A better approach is test before making the decision to deploy. This course of action might involve evaluating several potential strategies in an effort to beat out your current, best-working strategy.
One useful planning tool is the SWOT analysis. SWOT stands for “Strengths, Weaknesses, Opportunities and Threats.” It’s a lot more fun than it sounds. This framework is often used at an off-site strategy retreat. Take a few ideas you’ve had and create a SWOT matrix for each.
In research, the current strategy is called the “control.” The game (goal) is to beat the control — the current winner.
We can do this by finding a small variation in our existing strategy or maybe by finding a completely new strategy. When we do find a new winner, it becomes the new control. Then, we do it all over again.
This push to optimize can be thought of as continuous innovation.
The most successful strategies are in genuine alignment with the organization, its business model and its brand position.
It rarely works to retrofit. It must be a “true” fit with the organization.
We all know it’s getting tougher to win more business. Since the Great Recession, growth has slowed, yet the pace of change is increasing. Further, customers are more demanding and consumers expect things quicker, better and cheaper.

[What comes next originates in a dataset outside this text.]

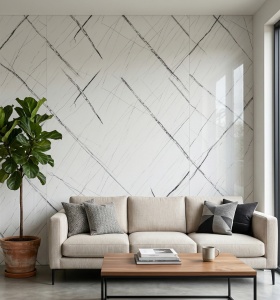 Placă Decorativă PVC Marmură Albă cu Inserții Grafice Negre 2.4 m x 1.22 m Grosime 2.5 mm - Img 2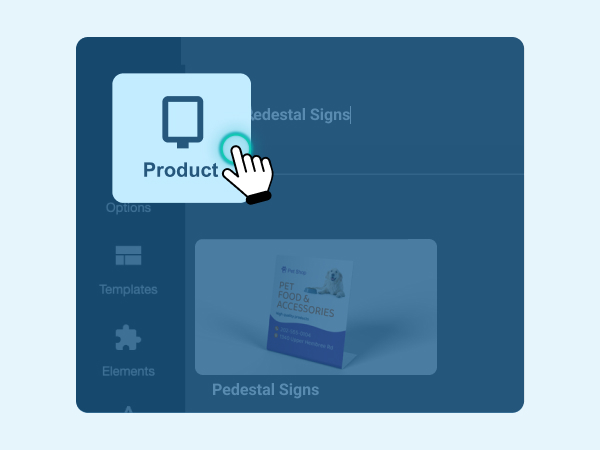 Design step 1 - Selecting pedestal sign printing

The business strategy of being different
This adds up to the fact that finding a better strategy has become paramount. You can only win the game by outplaying the competition.
There are only two strategic choices. One is price. If you compete on price, you must be the cheapest provider of your product or service. Walmart is the poster child for the low-price strategy. There is at least one low-cost provider in almost every category.
It’s easier for the bigger guys in a category to compete with low price due to economies of scale. For the rest of us, we move on to the only other choice: being different.
The being different choice is, well, about being different.
The challenge is to first find your difference, then to demonstrate to your customer you really are different (and therefore) better than the competition.
If successful, this would allow you not only to sell more, but also to command a higher price. This is what good brand positioning is all about. It’s why we do it.
Strategy is often a misunderstood term. Strategy is not the mission statement. Strategy is not the company’s values. Strategy is not even the company’s vision.
Rather, strategy is about aligning resources and making choices. Deciding what not to do is just as important as deciding what to do. Strategy is about making priorities.
Strategy is about playing where you can win and not playing elsewhere. Strategy is about finding the path to growth.
Strategy is about targeting customers rather than trying to be everything for everybody. Strategy is about being different. Strategy is about owning a distinctive idea that your customers value.
Strategy is about continuously innovating on your distinctive idea.
Business strategy is only good when mated with an achievable tactic. If it’s not executable, it’s bad strategy. With a good strategy, the tactics will look different than the competitor’s tactics.
Our hope is we will spur some thinking about strategies that you can test, learn and optimize with your own business or organization.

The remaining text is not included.